N° 144, novembre 2017

La région rurale de Shaft au Guilân


Babak Ershadi


Photos : village de Shaft, province du Guilân

Shaft est le département le plus « rural » de la province du Guilân. Les villages sont nombreux et sont tous entourés par des rizières et des vergers, avec de beaux paysages forestiers et montagneux. Avec une superficie de 681,3 km², le département de Shaft comprend plus de 71 000 habitants (recensement national de 2011), ce qui signifie une densité de population de plus de 104 habitants/km², chiffre inférieur à la densité moyenne de la province du Guilân (177 h/km²) dont la population s’élève à plus de 2 481 000 personnes (recensement de 2011).

Shaft, qui comptait 6533 habitants en 2011, et Ahmadsar Gourâb (2538 habitants en 2011) sont les deux villes du département, le reste de la population (plus de 61 000 habitants) se distribuant parmi les 91 villages du département.

La topographie définit les caractéristiques naturelles du département qui se divise assez nettement en trois zones distinctes : une plaine au nord dont l’altitude est inférieure à 100 mètres par rapport au niveau de la mer, des contreforts au centre avec une altitude de 100 à 500 mètres, et une zone montagneuse au sud (au-delà de 500 mètres) dont le sommet culmine à 1840 mètres. Le département est traversé par trois petites rivières : Siâh Mazgui, Tchoubar, Tchenâr Roudkhân.

La plaine du nord a un climat favorable et un sol de très bonne qualité pour la culture du riz. Presque toutes les terres de cette plaine sont consacrées à la riziculture inondée. Dans les contreforts du centre du département, les habitants s’occupent également de la culture du riz dans des rizières en terrasse, mais aussi d’arboriculture et d’élevage. Les montagnes du sud sont couvertes par des forêts de feuillus et de forêts tempérées hyrcaniennes de la mer Caspienne. La couche de terre qui couvre ces forêts a très peu d’épaisseur et est impropre à la culture.

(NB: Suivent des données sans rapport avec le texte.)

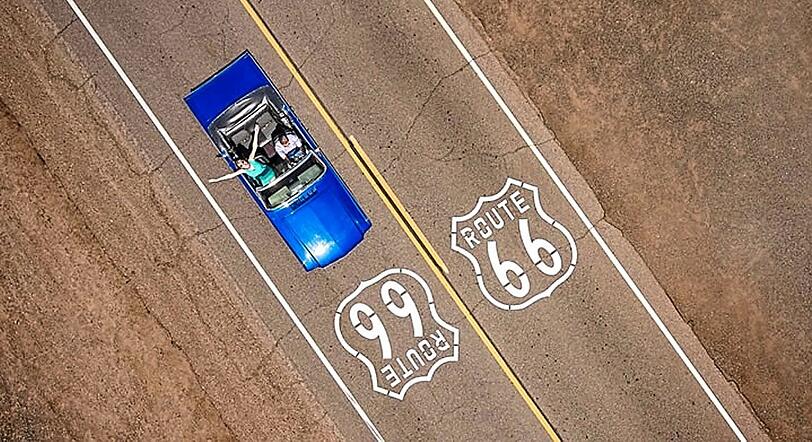 So schaut (und fühlt sich) Freiheit an: Zu den besten 20 Luftaufnahmen gehört dieses Paar in einem blauen Ford Mustang auf der legendären Route 66 an der US-Westküste, fotografiert von Raf Willems.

Comme dans toutes les régions du centre et de l’ouest de la province du Guilân, les habitants autochtones du département de Shaft sont les Guilakis et les Taleshis. Les Guilakis vivent majoritairement dans la plaine septentrionale du département, tandis que la population tâleshi est plutôt concentrée sur les contreforts et les vallées de la zone montagneuse du sud.

Autrefois, la région de Shaft était située à l’extrémité orientale du territoire des Kâdousiens, au voisinage des Amardes. [1] « Les Kâdousiens vivaient dans le Guilân et les Tapouri dans le Mâzandarân. Les Amardes (ou Mardes) vivaient aux confins des territoires de ces deux peuples. » [2] Cette région était un foyer important de peuplement à l’âge de fer avant même l’arrivée des tribus aryennes sur le plateau iranien. Les archéologues ont retrouvé des traces de ces civilisations anciennes dans différentes zones de la province du Guilân.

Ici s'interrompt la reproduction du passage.